Arevalo served on the ICT in the mid-1970s with the then Fr. Ratzinger, who was already a famous theologian, having served as an expert in the Second Vatican Council, and again in the early 1980s when Ratzinger presided over the commission as CDF chief.
“But within that reservation, Tagle and Ratzinger became good friends, so much so that I have a story from Archbishop Tagle himself,” he added.
Arevalo said that, in one of the commission’s meetings, Ratzinger praised Tagle when the chapter of a theological document he was assigned to work on was passed without any serious objection from the other members. Ratzinger noted that it was the first time that happened.
However, Arevalo said it was not just because Pope Benedict personally knew Tagle that he became Manila archbishop.
“It would probably not be correct to say it was the decisive (factor). People in the know believe that perhaps the most decisive single factor was that (former Manila Archbishop Gaudencio) Cardinal Rosales really wanted him to be his successor,” Arevalo said.
“Cardinal Rosales did not make it a secret that he was strongly recommending Archbishop Tagle to be his successor,” he added.
Arevalo said that Archbishop Edward Adams, the Papal Nuncio to the Philippines at the time of the changing of the guard in Manila, also favored Tagle.
Arevalo also said that Benedict XVI reportedly even “intervened” when Tagle’s appointment to Manila last year was delayed by “objections” from some groups in the country.
“(Tagle’s) nomination was made in May (2012). As a matter of fact, Cardinal Rosales had said goodbye to all the parishes by the end of May because he was told that Archbishop Tagle was to succeed him at the end of May,” Arevalo said.
“It did not happen because there were individuals and groups in the Philippines who were pushing for some other candidates and they were trying to convince the Holy Father… by letters that (Tagle) was not the right person,” he said.
Arevalo said unverified reports from Rome said the Pope asked Vatican officials why Tagle’s appointment had not been announced.
When he was told that there were “objections,” the Holy Father supposedly asked if they had checked if these were true.
“(When) they said, ‘No we have not found any truth to the more negative comments,’ (the Pope) supposedly said: ‘He’s the Archbishop of Manila. It’s finished,’” Arevalo said.
“So, when (Tagle) was approached by the nunciature, he asked if he could have a few days to pray over it. He was told ‘No. This is not a question of your saying ‘Yes or No,’” he said.
“You have already been appointed. What we’re asking you to do is to make the formal act of acceptance. It’s an act of obedience because you’ve already been appointed,” he said.

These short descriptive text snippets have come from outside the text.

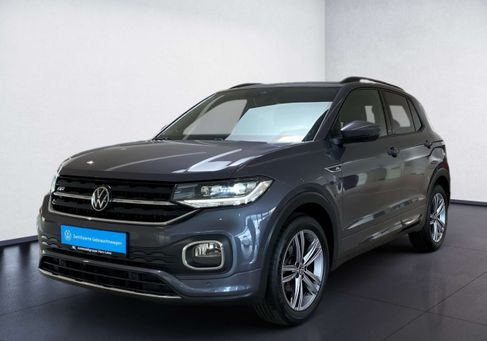 Volkswagen T-Cross, 2023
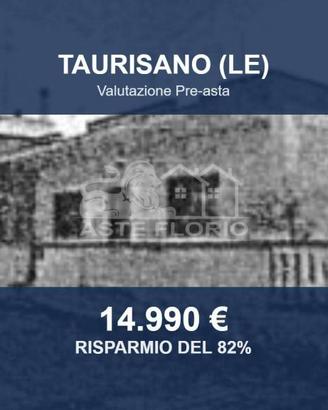 Immobile in asta di 151 m² a Taurisano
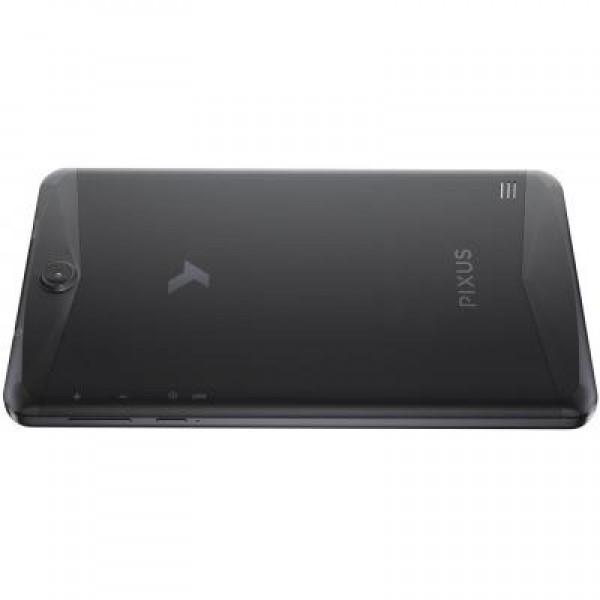 Планшет Pixus Touch 7 3G (HD) 16GB Metal, Black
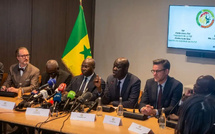 La FSF contre-attaque, le Maroc débouté sur le trophée, les médailles et le prize money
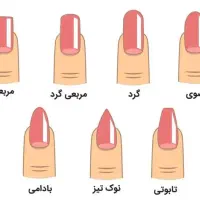 آموزش  ناخن  کاشت و ترمیم ناخن|خدمات آموزشی|ری, دولت‌آباد|دیوار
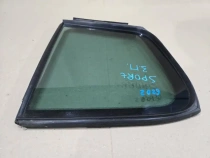 Форточка двери Kia Sportage QL 2015-2022 Задн. Прав.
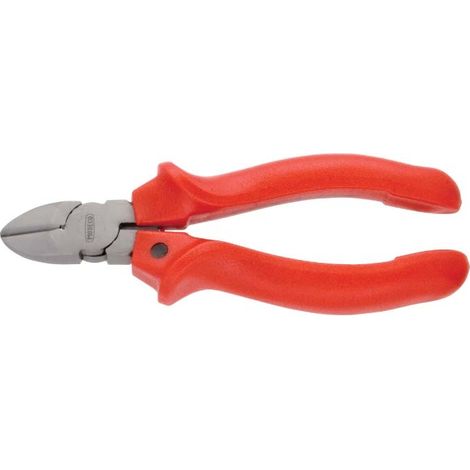 Pince Modeco mn-20-117 coupe latérale 18 cm antidérapante (1/2)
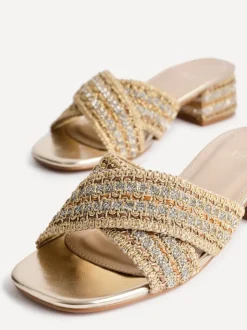 Linzi ZADIE Fashion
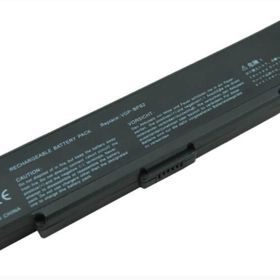 Sony VGN-FS5 Notebook Bataryası Pili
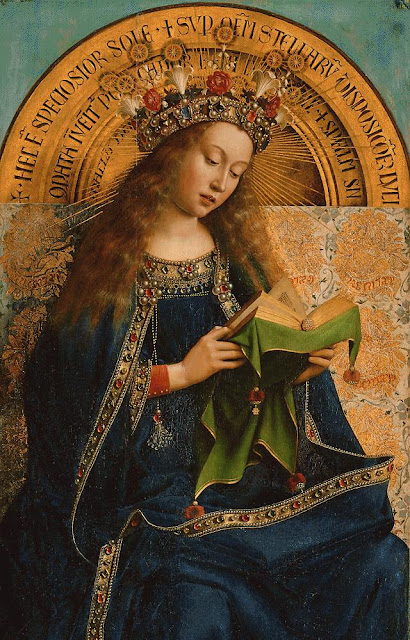 A Pilgrim s Journey Saturday A Day To Honour Mary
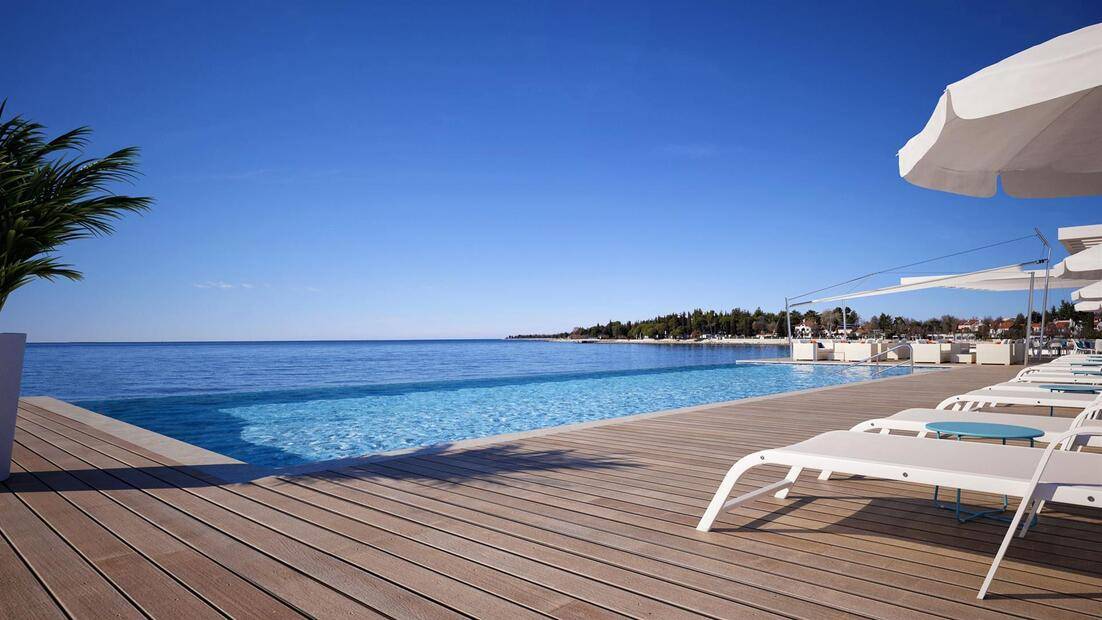 Valamar Collection Marea Suites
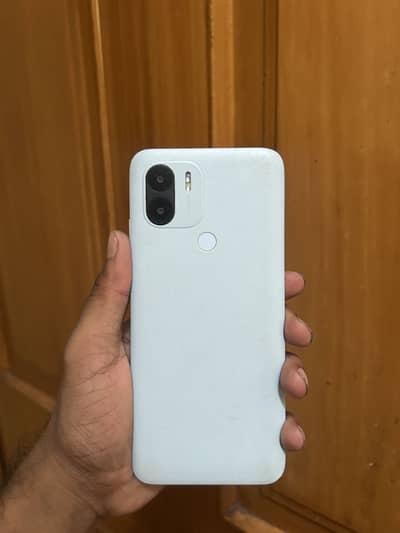 Realme A1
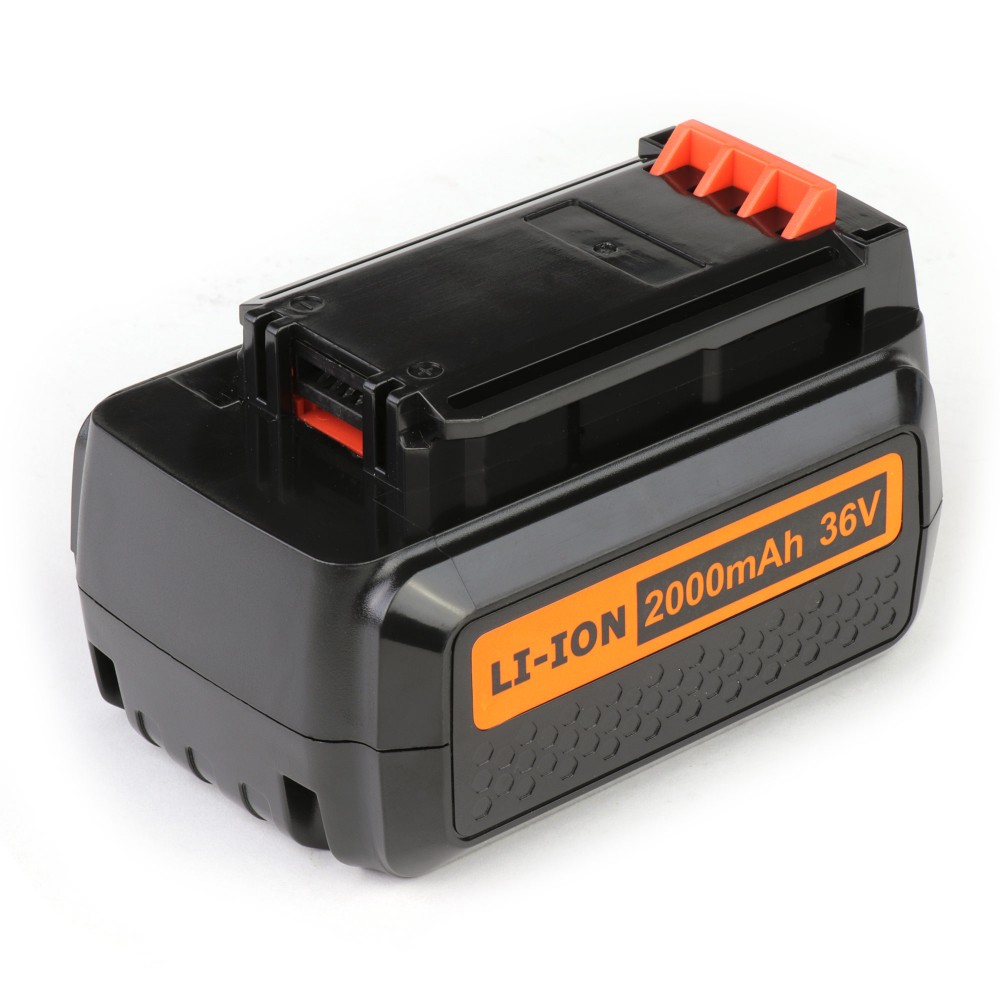 Купить оптом Аккумулятор для Black & Decker 36V 2.0Ah (Li-Ion) PN: BL20362.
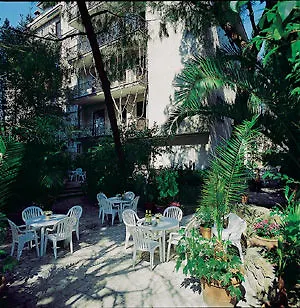 Ξενοδοχείο La Pergola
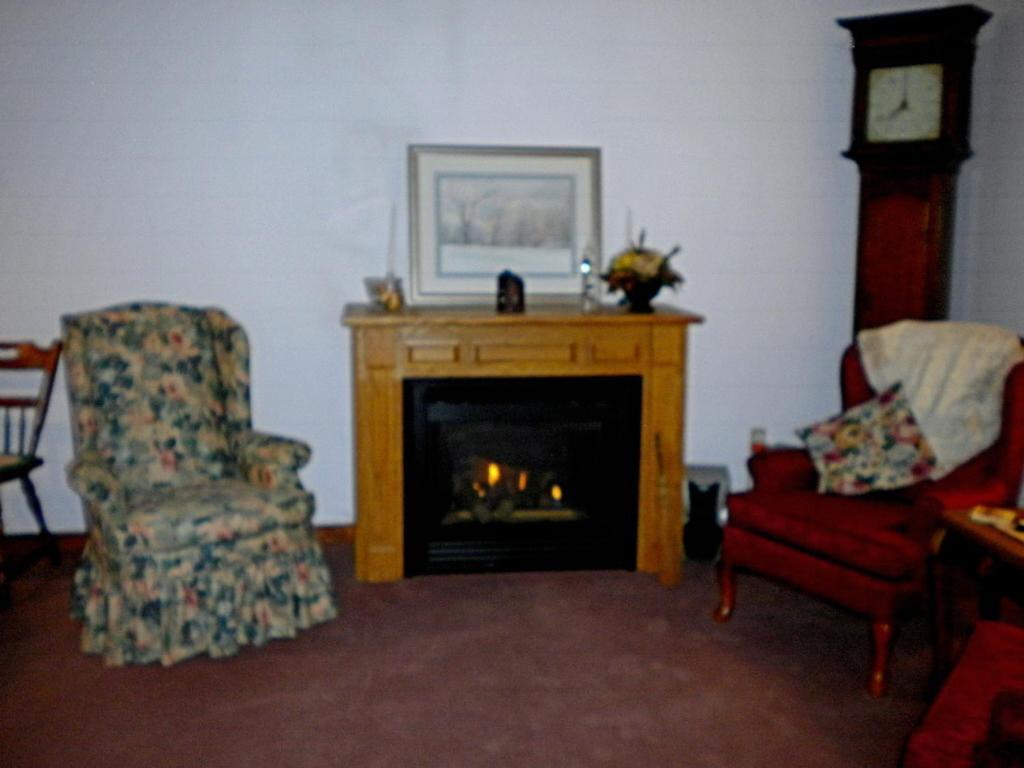 סטואו Bears Lair Inn מראה חיצוני תמונה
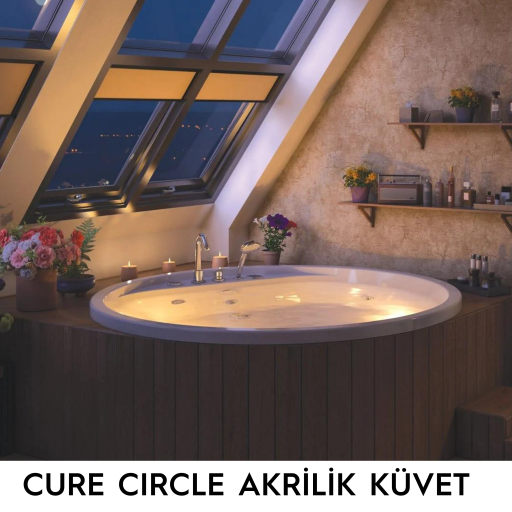 Cure Circle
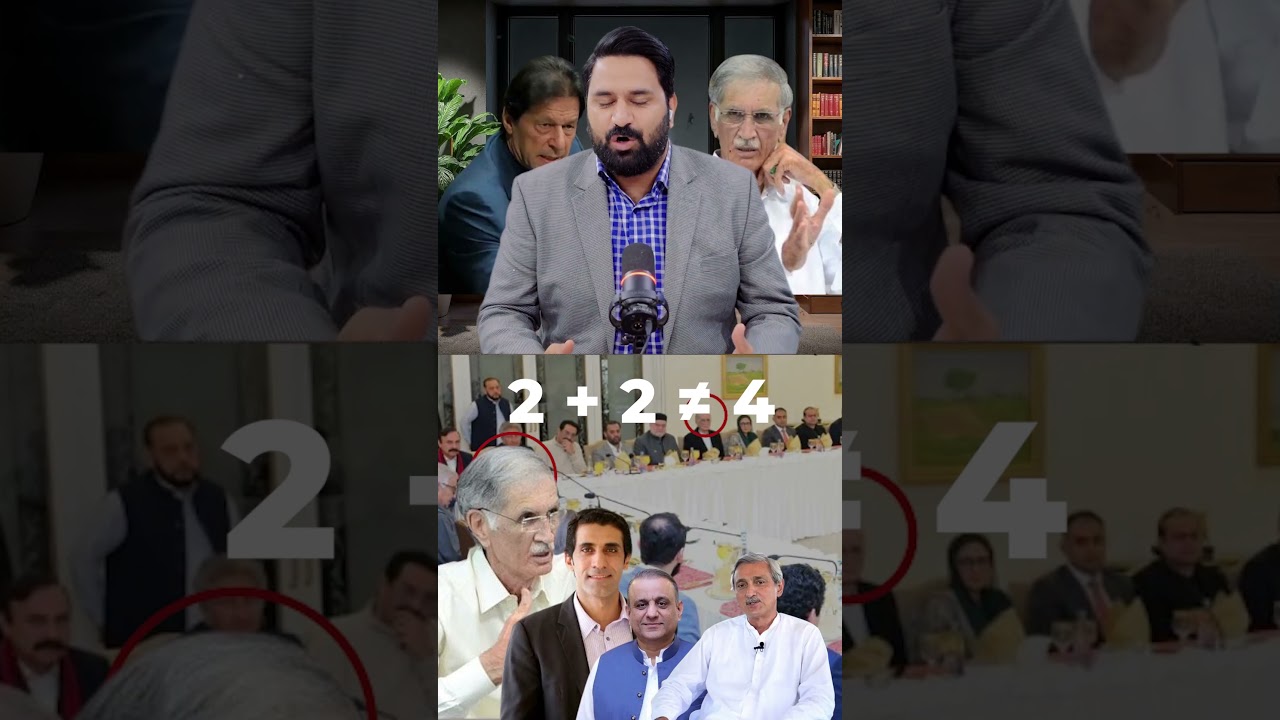 PMLN Propaganda Exposed After 10 Years 🔥🔥😱😱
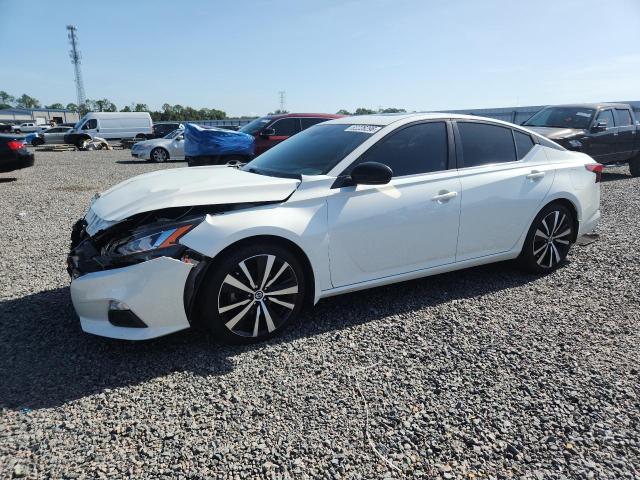 Photo 1 from auction – 2021 NISSAN ALTIMA with VIN 1N4BL4CV8MN351283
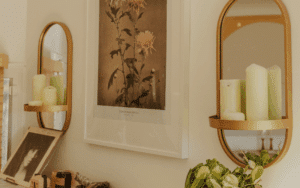 Feng Shui para el Amor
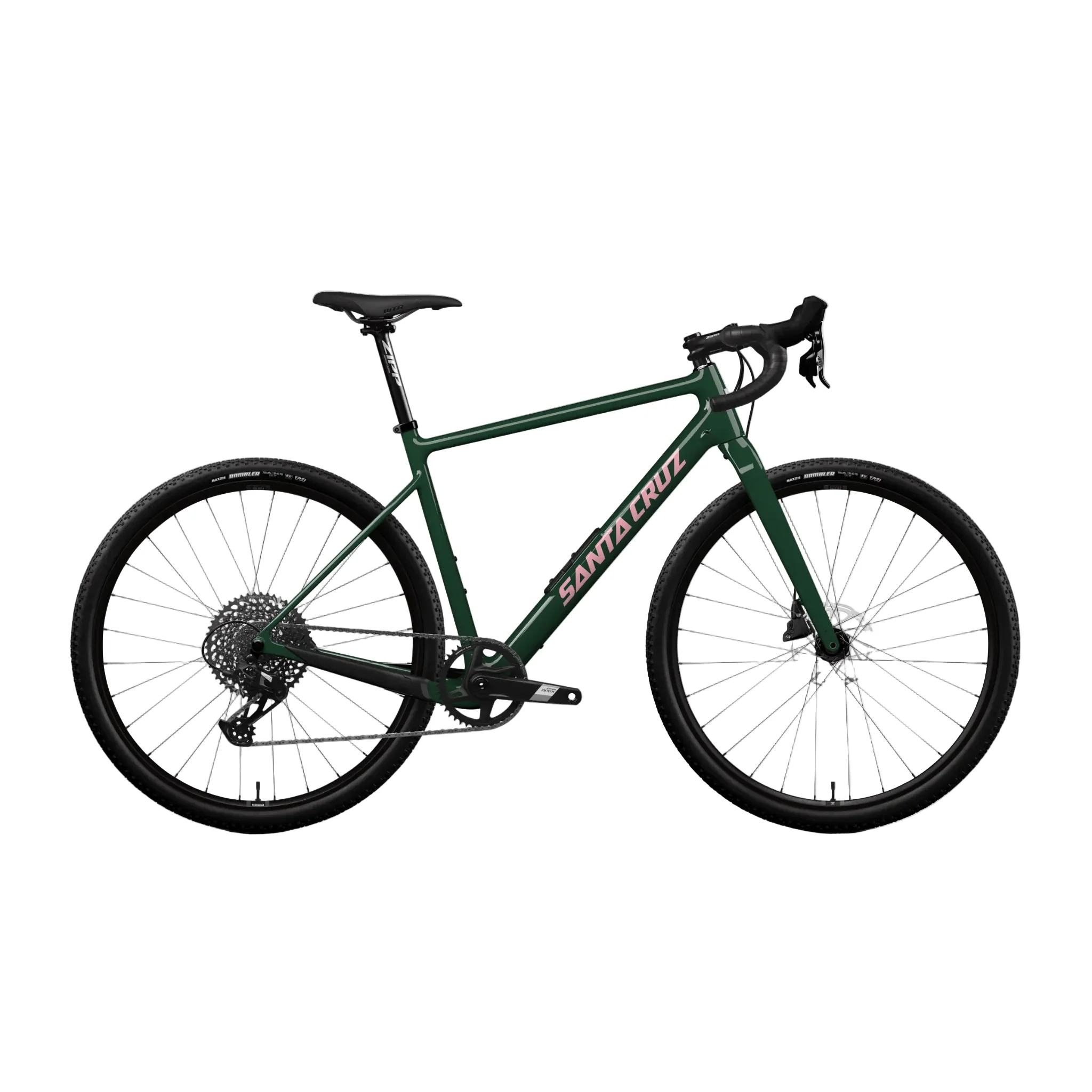 Santa Cruz Stigmata 4 CC Apex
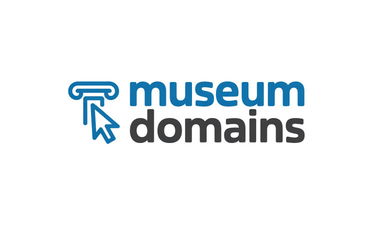 MuseumDomains.com - Creative brandable domain for sale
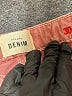 Sézane Pink Jeans Size 30 waist - photo 7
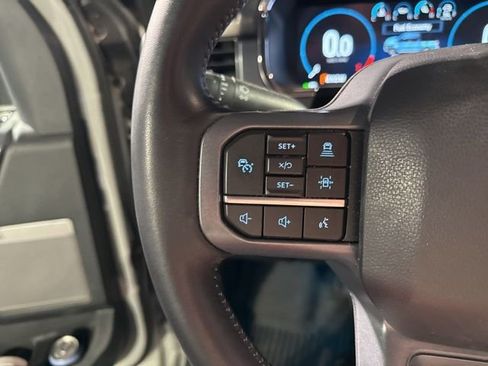 Used 2023 Ford F150 Lariat w/ Equipment Group 502A High image 15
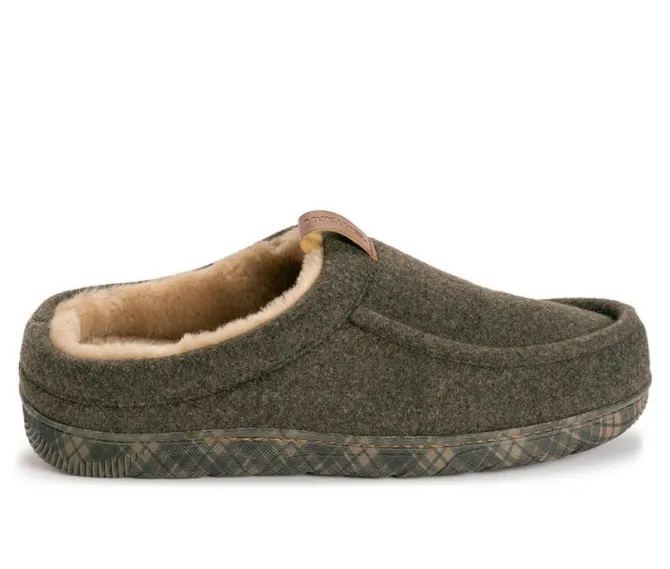 MUK LUKS Miles Clog Slippers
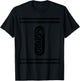 Group Family Halloween Costume Kids Purple Crayon T-Shirt - T-Shirt | Black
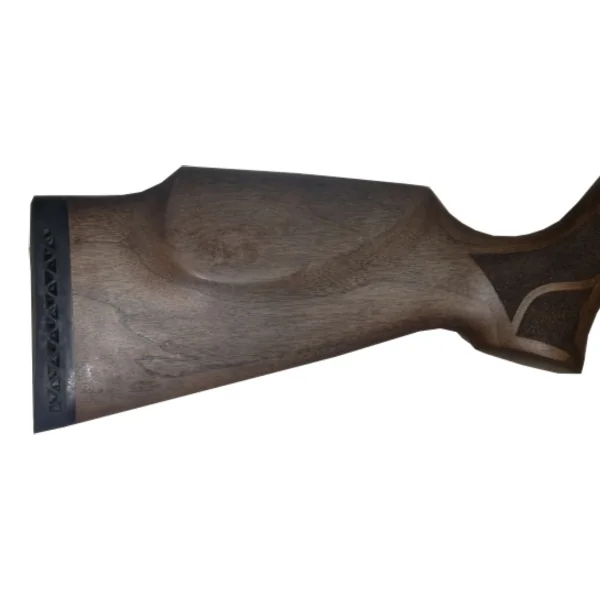 Винтовка пневматическая Kral Puncher Maxi.3 к.6,35мм орех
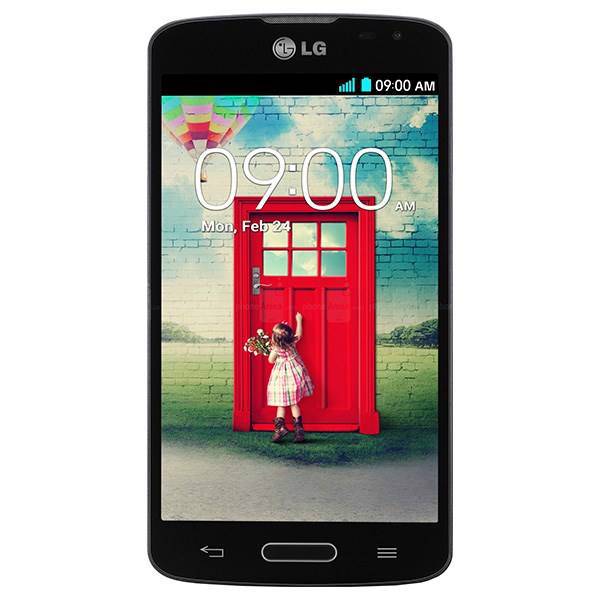 LG F70 Mobile Phone، گوشی موبایل ال جی اف 70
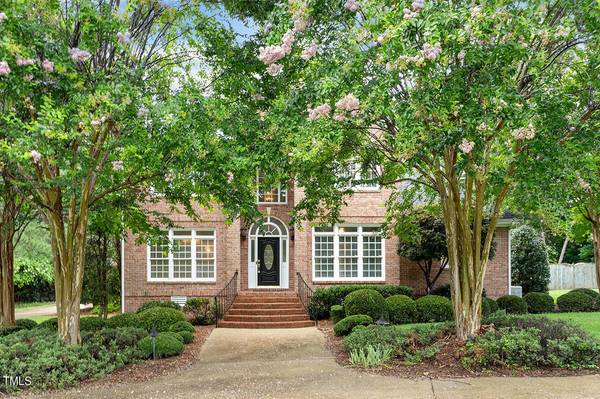 909 Rockfall Court,  Raleigh,  NC 27614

He said Tagle once told him when he was still Bishop of Imus, he attended a Vatican meeting where the cardinal who was presiding did not pay attention when Tagle gave his views on the subject they were discussing.
“I will not name the cardinal but when Chito would give his opinions, he would be talking to the guy beside him or whoever,” Arevalo said.
Near the end of the meeting, they had an audience with the Pope, who warmly greeted Tagle and spent more time speaking with him than with the other prelates.
By the time of their next session, the cardinal was giving his full attention to Tagle whenever he spoke.
“Because the Pope showed (Tagle) a certain warmth and spent a little longer time with him, (afterward) whenever he would speak, the cardinal would really listen. So, it is true that the relationship is warm,” he added.